Oficina: Teatro do Brincar

Oficina Yeatro do Brincar. Foto: Clelio Tomaz

Oficina Teatro do Brincar. Foto: Clelio Tomaz

Orientadora: Márcia Cruz – Cia. Maravilhas (Recife/PE)
Período: 17 a 20 de janeiro de 2017 (terça a sexta-feira), das 14 às 17h, na sala de Dança da Caixa Cultural Recife (Av. Alfredo Lisboa, 505, Praça do Marco Zero, Bairro do Recife), para crianças dos 9 aos 13 anos
Investimento: R$ 120,00. Inscrição: ciamaravilhas@gmail.com
Pré-requisito: usar roupas adequadas para o trabalho físico
A proposta é uma vivência lúdica na linguagem do teatro. Na dinâmica, os participantes serão introduzidos à lógica do jogo teatral e aos conceitos básicos desta linguagem, transitando entre os princípios do brincar: a consciência corporal (eixo e base) e a respiração; as relações entre o tempo e o ritmo; a presença e a integração com o outro; a energia; as emoções e, por fim, o improviso. O objetivo é proporcionar a cada um dos envolvidos uma experiência alegre e significativa com o teatro.
Márcia Cruz é atriz com larga experiência, inclusive na contação de histórias, e professora de teatro formada pela UFPE.

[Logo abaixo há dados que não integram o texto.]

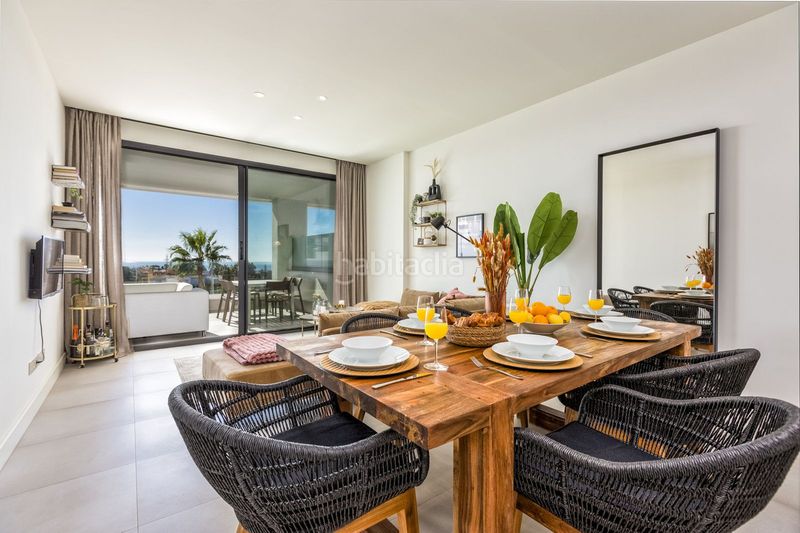 Foto 5889cd9c-d162-427c-a6ca-fffce99e537b. Apartament amb calefacció aparcament piscina a Centro Mijas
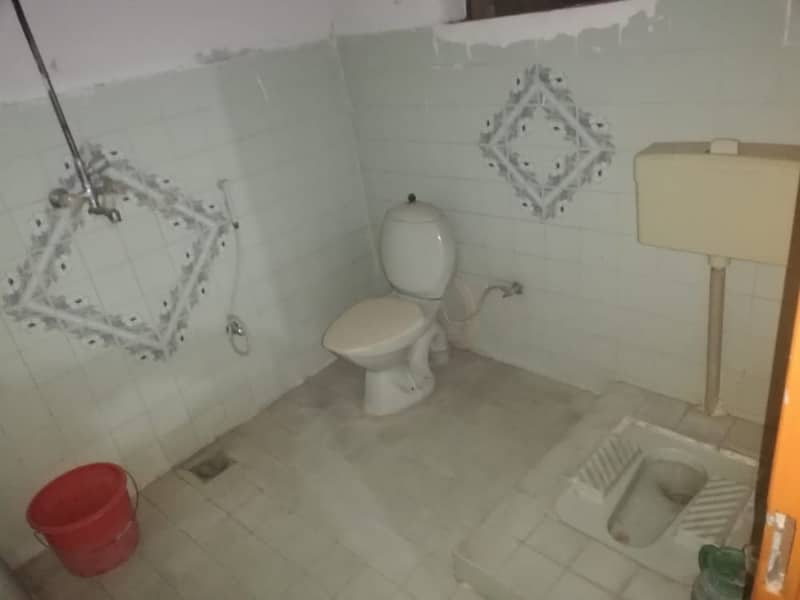 12 MARLA LOWER PORTION FOR RENT IN JOHAR TOWN PHASE 1. 2
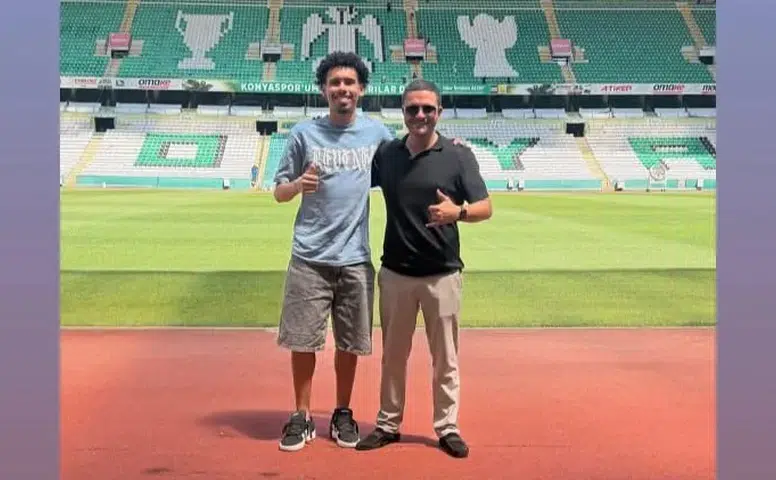Konyaspor’un yeni stoperi Konya'ya hayran kaldı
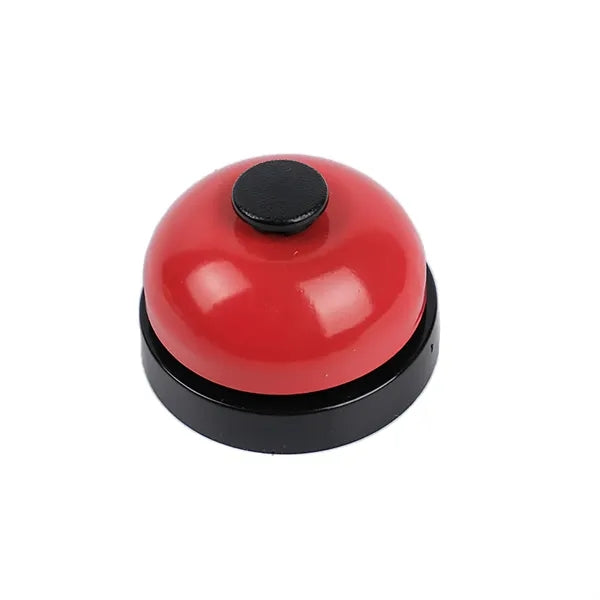 Desktop Service Call Macarons Metal Bell
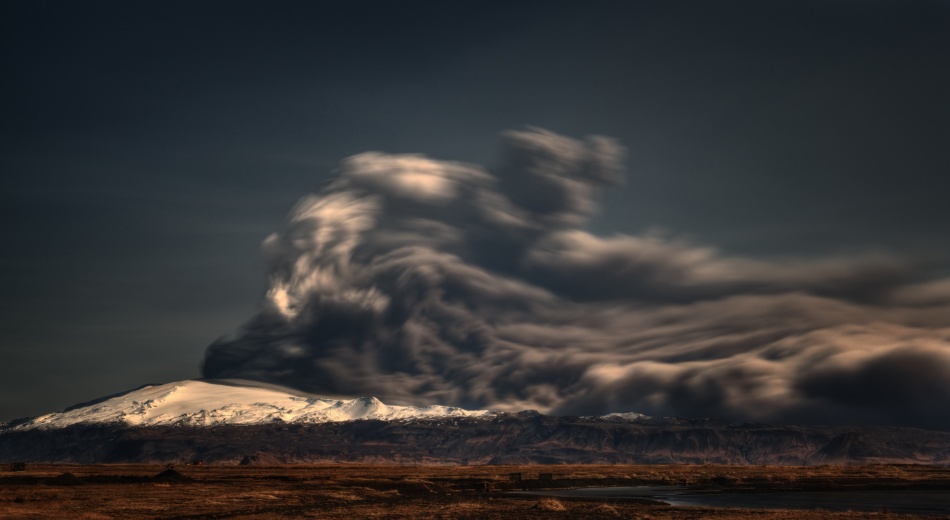 power of nature von Raymond Hoffmann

Intercâmbio de Gestão Cultural: Modos de Fazer

Eduardo Okamoto. Foto: Mariella Siqueira

Eduardo Okamoto. Foto: Mariella Siqueira

Orientadores: Eduardo Okamoto e Daniele Sampaio (Campinas/SP)
Quando: Dia 22 de janeiro de 2017 (domingo), das 14 às 18h, na sala multimídia da Caixa Cultural Recife (Av. Alfredo Lisboa, 505, Praça do Marco Zero, Bairro do Recife), com entrada franca. Informações: 3421 8456
Um diálogo com artistas, gestores de espaços e/ou coletivos de pesquisa em teatro sobre estratégias de viabilização de criações cênicas em contextos com pouca ou nenhuma política pública de fomento às artes, ou seja, a produção cultural como modo de viabilizar a criação, a circulação e a fruição de bens simbólicos.
Daniele Sampaio é produtora cultural, Bacharel em Ciências Sociais pela UNICAMP, pesquisadora de Políticas Culturais pela Fundação Casa de Rui Barbosa e pós-graduanda em Artes da Cena também pela UNICAMP. Fundadora da SIM! Cultura, presta consultorias em produção e gestão de projetos culturais para coletivos cênicos, artistas independentes e instituições públicas e privadas.
Eduardo Okamoto é ator, Bacharel em Artes Cênicas, Mestre e Doutor em Artes pela UNICAMP, onde atualmente é docente. Estuda as relações entre o potencial expressivo do corpo e as suas relações com a produção dramatúrgica: dramaturgia de ator. Já apresentou espetáculos e diversas atividades formativas em vários estados brasileiros e no exterior. Em 2012, foi contemplado com o Prêmio APCA de Melhor Ator por sua atuação no espetáculo Recusa, que esteve no Recife.